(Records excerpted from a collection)
*** Block opens ***
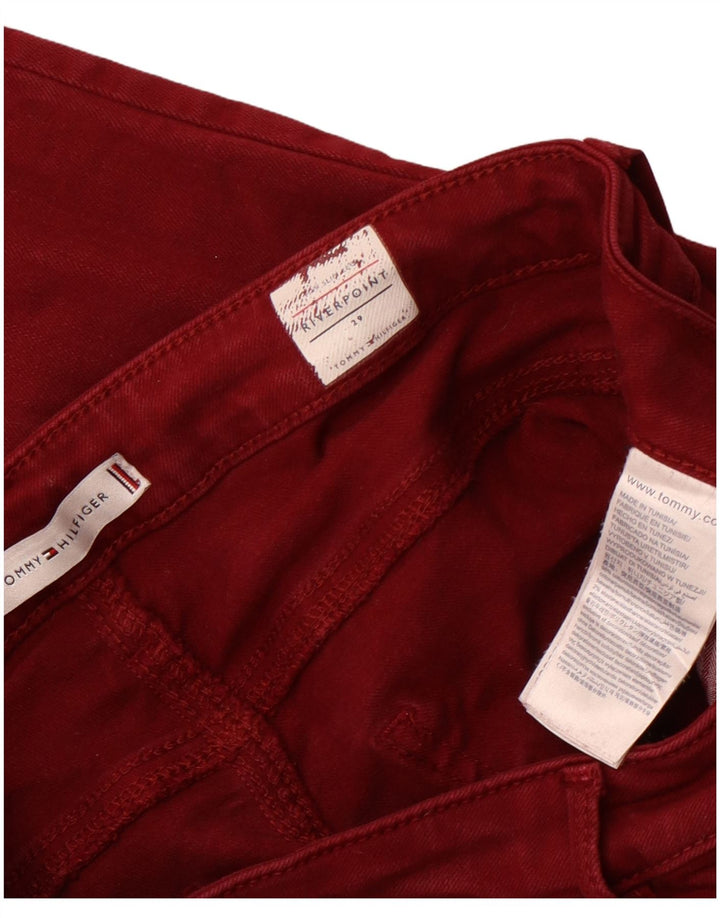 Damskie jeansy skinny Riverpoint TOMMY HILFIGER W29 L28 Burgundowa bawełna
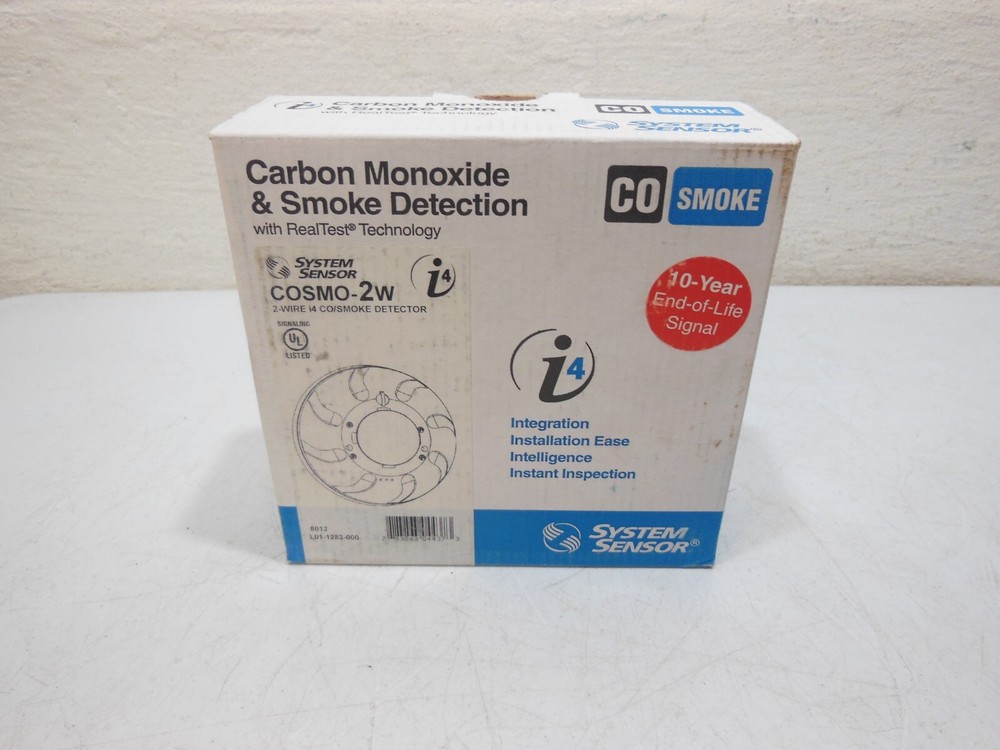 System Sensor COSMO-2W Combination Carbon Monoxide and Smoke Detection - New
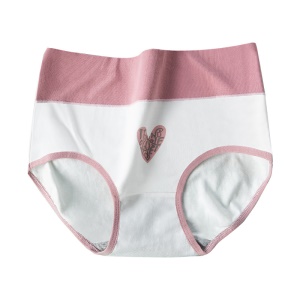 Culotte à taille haute  en coton  pour jeune fille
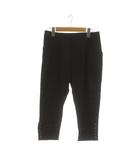 ダイアグラム グレースコンチネンタル Diagram GRACE CONTINENTAL パンツ 36 黒 クロップド丈 裾ボタン装飾 /JP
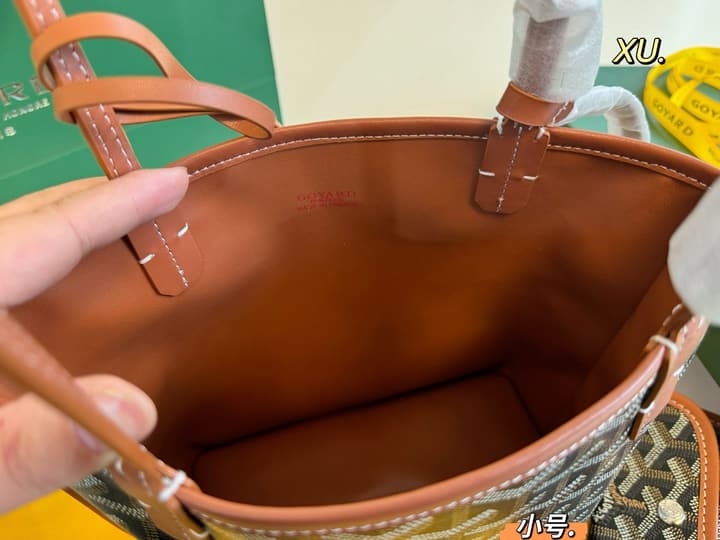 Goyard New Small Mother-Child Tote Bag in Classic Black And Tan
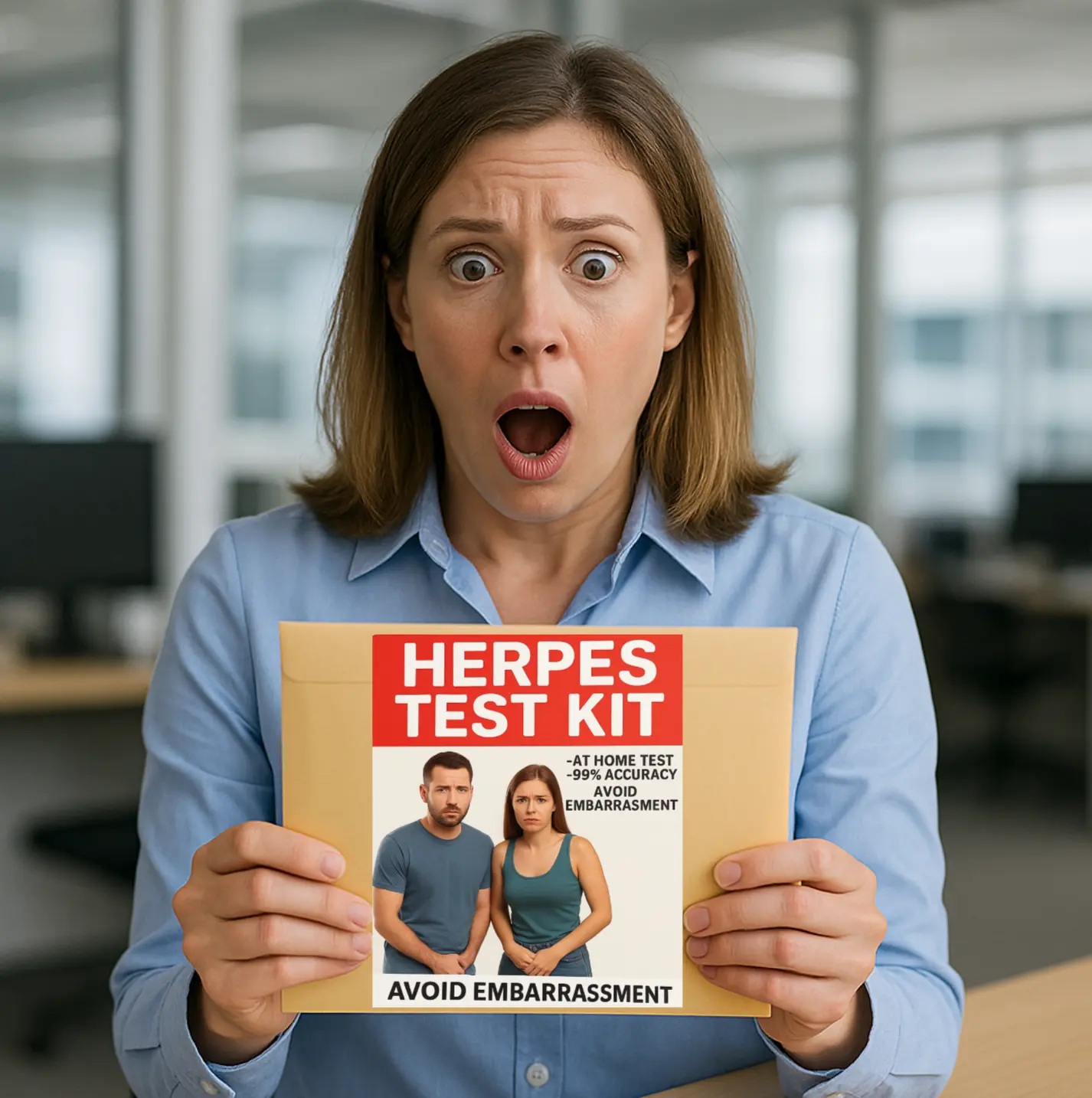 Herpes Test Kit Woman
*** Block closes ***
Would you retype every record above exactly, leaving out the pictures?

• [Response below]:
 Damskie jeansy skinny Riverpoint TOMMY HILFIGER W29 L28 Burgundowa bawełna
 System Sensor COSMO-2W Combination Carbon Monoxide and Smoke Detection - New
 Culotte à taille haute  en coton  pour jeune fille
 ダイアグラム グレースコンチネンタル Diagram GRACE CONTINENTAL パンツ 36 黒 クロップド丈 裾ボタン装飾 /JP
 Goyard New Small Mother-Child Tote Bag in Classic Black And Tan
 Herpes Test Kit Woman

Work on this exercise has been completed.